# Media unit



## mailee (Nov 11, 2005)

I made a start on a media unit today. It is being built from 25mm MRMDF that is laminated into 50mm thick sections. (Pretty heavy I can tell you!) :shock: The finish will be a high gloss white.
I got all of the pieces cut to rough dimensions and laminated.








By late afternoon They were dry enough to mark out the sections for biscuits.








I won't get much done tomorrow as I am on another job. This will be a nice tester for my brand new shiny Elu biscuit jointer I won on the Bay.


----------



## pretender74 (May 27, 2011)

Man you are going to need a front end loader to move that around.


----------



## mailee (Nov 11, 2005)

You are sure right there. I intend to assemble it on site to make it easier to transport. At least I won't need any clamps when I glue it up.


----------



## mailee (Nov 11, 2005)

Today I have been back in my own shop working on the media unit. I got most of the pieces edged and after a plethora of biscuit joints had a dry fit.








I then started on edging the long lengths and while they were in glue up I made up the plinth.

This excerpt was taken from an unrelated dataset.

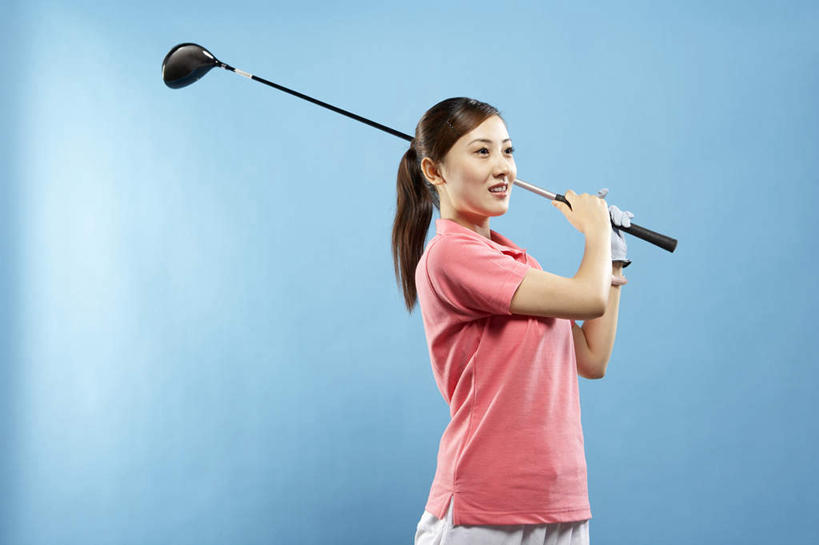 一个人,站,微笑,横图,留白,侧面,仰视,信心,北京,中国,亚洲,摇摆,准备,高尔夫球,开球,T恤,方向,现代,衣服,看,休闲,放松,凝视,摄影,动作,专心,酷,高尔夫球杆,享乐,运送,体育器械,肖像,出示,能力,年轻女性,中国人,年轻人,彩图,低角度拍摄,精力,态度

I managed to move the parts around on my own but will certainly need help once it comes to the finish as it will be a high gloss white. :blink:


----------



## mailee (Nov 11, 2005)

I have spent most of the day in the workshop spraying the unit today. I have now got it all painted. Although I had to spray the top and bottom in the shop rather than the spray booth. 
















They were a bit on the heavy side to carry into the booth and just my luck there was no one around to give me a hand. 
I did manage to paint the smaller parts in there though.








Yes, it does look a bit cloudy in there as I had just finished spraying and the fan isn't man enough, must get a better one. another thing to put on the TUIT list.


----------



## mailee (Nov 11, 2005)

I spent today polishing up the unit and I left the two shelves in a glue up.








I will have to get some bubble wrap next to make sure it doesn't get damaged in transit. :no:


----------



## mailee (Nov 11, 2005)

This morning I got the unit fitted. I am happy to say it went in with very little 'adjustment'.  It was good fun trying to align all the biscuits and get the clamps on before the glue dried. :roll: After a couple of hours it was in place and my customer was very happy with it indeed.  








I have arranged to return to take some photos of it fully furnished later next week.


----------



## jw2170 (Jan 24, 2008)

I can see why you are kept busy, Alan...

Another satisfied customer...


----------



## Marco (Feb 21, 2009)

Looks great the high gloss white really stands out..... any painting tips on painting MDF?


----------



## mailee (Nov 11, 2005)

Thanks guys. Well Jim it is spray painted using a 2 pack AC system. I sand the edges down well with 320 grit and then give them two coats of primer, I also give one side two coats. Once the primer is dry and hard i turn it over and again give two coats also coating the edges. (In effect the edges have had four coats) I then sand it all down with 400 grit and apply two top coats using the same method. once it is dry and hard i wet sand it with 1500 grit and then polish with a rubbing compound for the high gloss finish. HTH.


----------



## Marco (Feb 21, 2009)

I would imagine that the photos don't do it justice.... The process is well worth the results


----------



## GulfcoastGuy (Feb 27, 2012)

I'm waiting to see it with the equipment installed. Nice work.

GCG


----------